Categorical Unsupervised Variational Acoustic Clustering
Luan Vinícius Fiorio, Ivana Nikoloska, Ronald M. Aarts
TL;DR
The paper addresses unsupervised clustering of audio in time-frequency representations where data strongly overlap, such as urban scenes. It extends UVAC by introducing a categorical latent variable implemented via a differentiable Gumbel-Softmax with a tunable temperature $\tau$ to control cluster sharpness. A variational inference framework yields an ELBO with reconstruction and KL terms, enabling end-to-end training. Empirical results on AudioMNIST, TAU2019, and UrbanSound8K show that Cat. UVAC outperforms Gaussian-based UVAC and K-means, particularly in overlapped data, with clustering metrics improving as the cluster count is reduced. This method offers a practical unsupervised clustering approach for audio with potential applications in hearing aids and related processing pipelines, leveraging the discrete latent structure to achieve sharp, meaningful clusters.
Abstract
We propose a categorical approach for unsupervised variational acoustic clustering of audio data in the time-frequency domain.
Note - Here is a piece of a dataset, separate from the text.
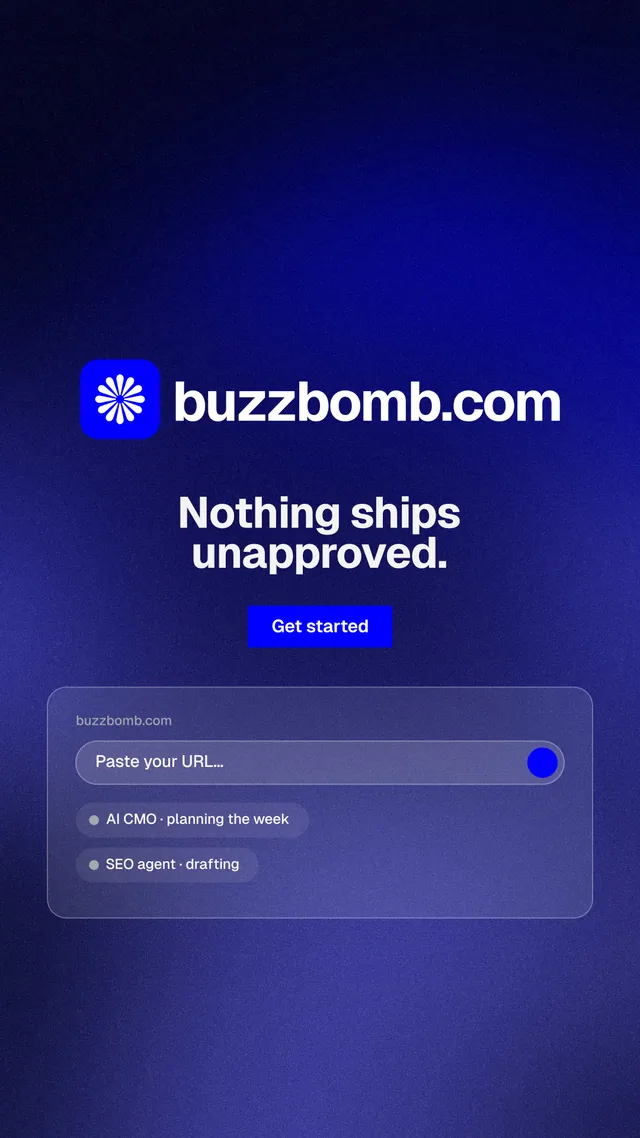 Instagram story for BuzzBomb: "Nothing ships unapproved." Swiss style, logo hero layout, dark palette in blue.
The consideration of a categorical distribution enforces sharper clustering even when data points strongly overlap in time and frequency, which is the case for most datasets of urban acoustic scenes. To this end, we use a Gumbel-Softmax distribution as a soft approximation to the categorical distribution, allowing for training via backpropagation. In this settings, the softmax temperature serves as the main mechanism to tune clustering performance. The results show that the proposed model can obtain impressive clustering performance for all considered datasets, even when data points strongly overlap in time and frequency.